## What the task requires
Nothing but the lines from the start of the entries through the line containing "AC - BESIKTAS" should appear in the answer, each given exactly.

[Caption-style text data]
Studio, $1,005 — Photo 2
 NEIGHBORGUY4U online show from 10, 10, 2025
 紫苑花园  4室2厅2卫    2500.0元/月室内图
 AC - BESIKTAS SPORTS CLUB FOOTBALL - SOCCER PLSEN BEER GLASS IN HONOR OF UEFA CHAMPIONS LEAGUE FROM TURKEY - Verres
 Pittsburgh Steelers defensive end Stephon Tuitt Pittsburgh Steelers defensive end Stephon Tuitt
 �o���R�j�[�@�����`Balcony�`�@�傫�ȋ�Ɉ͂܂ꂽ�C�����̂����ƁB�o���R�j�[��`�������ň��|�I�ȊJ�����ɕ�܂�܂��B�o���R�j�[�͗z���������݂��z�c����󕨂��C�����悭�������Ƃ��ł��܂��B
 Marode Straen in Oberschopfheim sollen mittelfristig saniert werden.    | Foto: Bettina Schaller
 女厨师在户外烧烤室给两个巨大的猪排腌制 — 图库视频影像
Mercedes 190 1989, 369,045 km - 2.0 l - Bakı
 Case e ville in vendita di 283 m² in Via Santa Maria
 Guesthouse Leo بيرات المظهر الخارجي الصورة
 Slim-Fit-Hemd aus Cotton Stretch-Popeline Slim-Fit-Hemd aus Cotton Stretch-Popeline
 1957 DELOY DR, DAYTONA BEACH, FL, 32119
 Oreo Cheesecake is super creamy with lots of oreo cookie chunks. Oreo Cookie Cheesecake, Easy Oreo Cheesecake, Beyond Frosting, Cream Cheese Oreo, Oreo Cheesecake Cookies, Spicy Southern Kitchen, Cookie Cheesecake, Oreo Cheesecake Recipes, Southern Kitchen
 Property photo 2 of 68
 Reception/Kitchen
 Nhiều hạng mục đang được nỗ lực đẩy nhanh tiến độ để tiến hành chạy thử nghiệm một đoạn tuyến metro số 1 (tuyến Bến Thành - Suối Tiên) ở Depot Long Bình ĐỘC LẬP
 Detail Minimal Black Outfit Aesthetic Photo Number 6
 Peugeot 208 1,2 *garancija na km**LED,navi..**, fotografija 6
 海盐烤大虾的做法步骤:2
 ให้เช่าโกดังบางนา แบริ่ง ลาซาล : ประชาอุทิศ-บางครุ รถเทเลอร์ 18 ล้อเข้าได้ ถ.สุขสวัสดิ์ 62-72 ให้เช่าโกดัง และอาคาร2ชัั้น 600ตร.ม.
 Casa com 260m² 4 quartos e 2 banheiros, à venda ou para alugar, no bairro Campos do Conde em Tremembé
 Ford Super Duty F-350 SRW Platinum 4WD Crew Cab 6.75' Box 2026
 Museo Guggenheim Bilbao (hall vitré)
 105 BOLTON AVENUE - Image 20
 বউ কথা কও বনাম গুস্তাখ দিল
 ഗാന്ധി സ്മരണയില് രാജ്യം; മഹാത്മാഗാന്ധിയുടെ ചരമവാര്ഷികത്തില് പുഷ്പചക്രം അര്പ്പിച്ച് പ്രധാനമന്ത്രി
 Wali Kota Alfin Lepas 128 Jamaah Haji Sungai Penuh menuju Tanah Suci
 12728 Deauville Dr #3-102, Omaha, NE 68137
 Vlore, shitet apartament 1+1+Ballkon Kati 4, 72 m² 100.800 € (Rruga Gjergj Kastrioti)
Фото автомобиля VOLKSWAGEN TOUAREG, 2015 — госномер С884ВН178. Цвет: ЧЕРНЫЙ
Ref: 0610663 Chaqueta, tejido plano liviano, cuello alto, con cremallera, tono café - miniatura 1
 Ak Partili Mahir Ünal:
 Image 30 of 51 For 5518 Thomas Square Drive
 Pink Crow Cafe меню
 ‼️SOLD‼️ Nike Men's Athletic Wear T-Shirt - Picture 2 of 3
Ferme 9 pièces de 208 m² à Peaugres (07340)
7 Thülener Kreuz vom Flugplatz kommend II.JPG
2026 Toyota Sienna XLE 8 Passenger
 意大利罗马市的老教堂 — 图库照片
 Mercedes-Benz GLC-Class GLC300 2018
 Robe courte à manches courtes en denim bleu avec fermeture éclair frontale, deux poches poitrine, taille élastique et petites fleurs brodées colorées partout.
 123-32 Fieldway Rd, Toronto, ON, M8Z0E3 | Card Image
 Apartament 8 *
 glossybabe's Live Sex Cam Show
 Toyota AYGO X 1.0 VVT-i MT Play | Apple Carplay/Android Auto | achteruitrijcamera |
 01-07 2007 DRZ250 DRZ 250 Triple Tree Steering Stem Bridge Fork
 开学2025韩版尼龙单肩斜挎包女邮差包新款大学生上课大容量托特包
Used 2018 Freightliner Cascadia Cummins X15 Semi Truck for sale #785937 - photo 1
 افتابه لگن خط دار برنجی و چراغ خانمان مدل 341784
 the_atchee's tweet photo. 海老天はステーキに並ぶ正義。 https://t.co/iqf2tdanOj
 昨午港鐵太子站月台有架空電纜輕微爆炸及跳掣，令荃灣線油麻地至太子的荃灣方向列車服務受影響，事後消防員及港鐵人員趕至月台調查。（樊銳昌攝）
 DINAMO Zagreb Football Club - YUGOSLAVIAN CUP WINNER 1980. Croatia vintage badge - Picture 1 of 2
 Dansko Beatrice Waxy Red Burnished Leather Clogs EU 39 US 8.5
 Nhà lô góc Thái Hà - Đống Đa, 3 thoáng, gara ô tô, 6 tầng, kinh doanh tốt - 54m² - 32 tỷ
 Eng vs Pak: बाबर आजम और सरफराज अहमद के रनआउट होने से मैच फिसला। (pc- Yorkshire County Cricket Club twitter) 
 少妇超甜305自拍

## The completed task
Studio, $1,005 — Photo 2
 NEIGHBORGUY4U online show from 10, 10, 2025
 紫苑花园  4室2厅2卫    2500.0元/月室内图
 AC - BESIKTAS SPORTS CLUB FOOTBALL - SOCCER PLSEN BEER GLASS IN HONOR OF UEFA CHAMPIONS LEAGUE FROM TURKEY - Verres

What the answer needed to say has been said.